Chippie, your prompt and generous response to my appeal for money to convert into bonds warmed my heart. It was really swell of you to take the trouble, and I want you to know that I love you for the manner in which you responded. My humble thanks, too, to your Mom for her generous contribution to our "fund”. It makes me properly ashamed that my side of the family did not see fit to favor me likewise. I see no point in making an issue it, but you may be sure, Sweet, that their action in this case reflects no credit to them. I'm more disappointed in them than I'd care to have them know - and more than surprised, too. Anyway, I’m not one to dismiss lightly (nor easily to condone the refusal of it, either), so I'll charge you, darling, to convey my gratitude to your Mom. You may inform my Mom, Harry and Goldie, of my disappointment with them - or not; whichever you wish. I've already typed the necessary forms. Tomorrow will see the bonds on their way you and your mother. Delivery should be within six weeks.

Because it is almost 11 o'clock, dearest one, and the fellows are waiting for me to finish this and extinguish the lights, I must cut this short. I'll answer your letters tomorrow—sure. I adore you, Baby mine. Kiss Adele for me and Diana Jean. My love to all.

Gratefully, 
Your loving husband,
Phil 

P.S. Please explain to Dot that time doesn't permit me to write to her as often as I would like.



Aug. 18, 1944

Dear Phil:

Received your letter while I was in France and though my mind is not clear I write to you. I am in a hospital here in England. I haven’t written home for a while and I realize they shall be very worried.

Phil, I must see you as soon as possible. I cannot meet you so you must see to it that you see me. The directions which the Red Cross gave me here is to proceed to the Red Cross Club at Worcester and get directions to the 96th General Hospital. You must do your best to get here as soon as possible.

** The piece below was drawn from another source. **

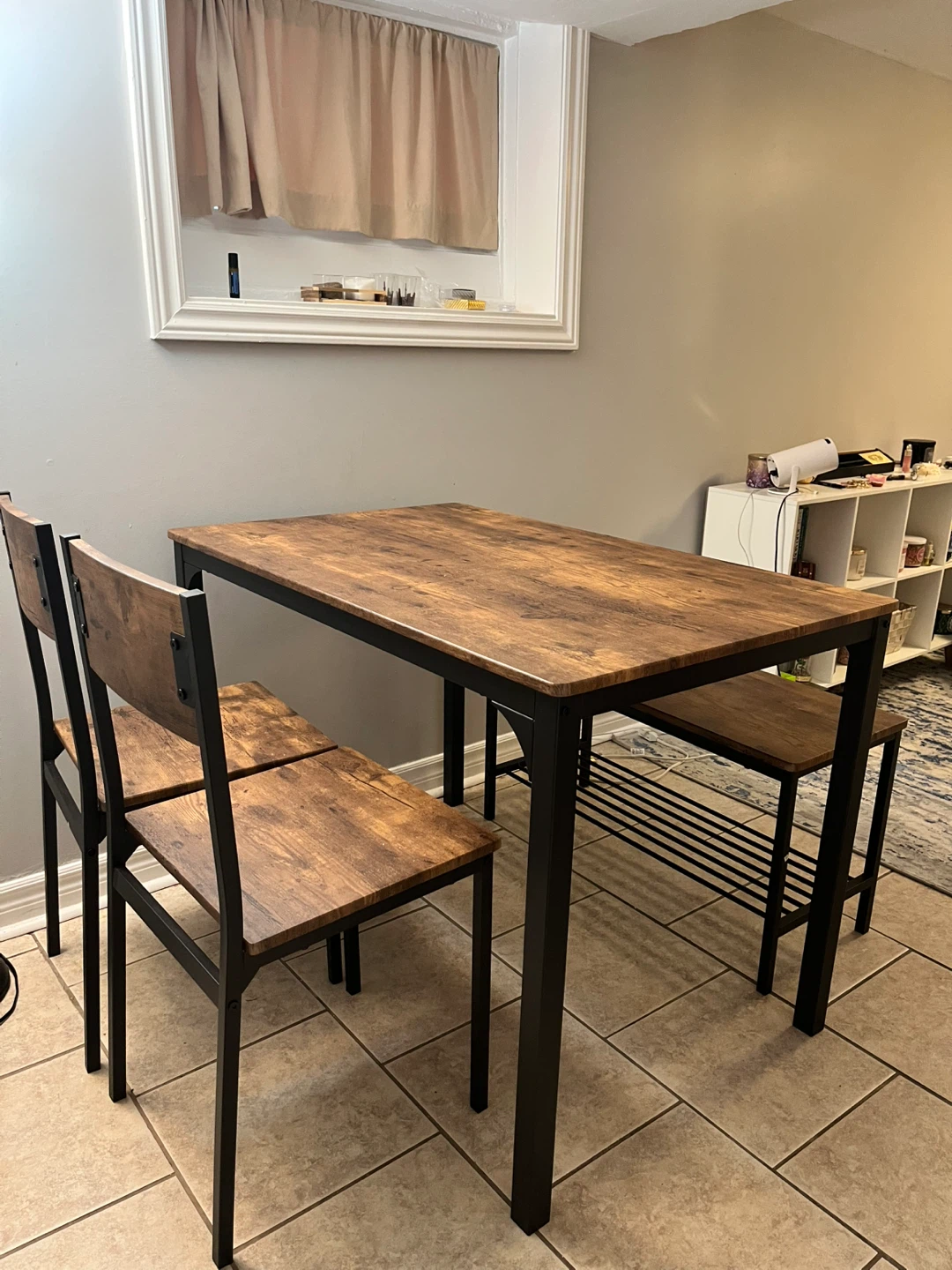 Dining Table Set with 2 Chairs and Bench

Everything is snafu so I guess you know how I feel. On the other hand I hope your (sic) fine. Till I hear or see from you.

Still Remaining
Eddie

Update: When I forwarded this post to my first cousin, Alan, who is Edward Paller’s son, he sent back an email with the following information:

It was the Battle of Saint Lo. My dad was in the hospital... July 1944.
From what my dad said, none of his battalion returned... all killed.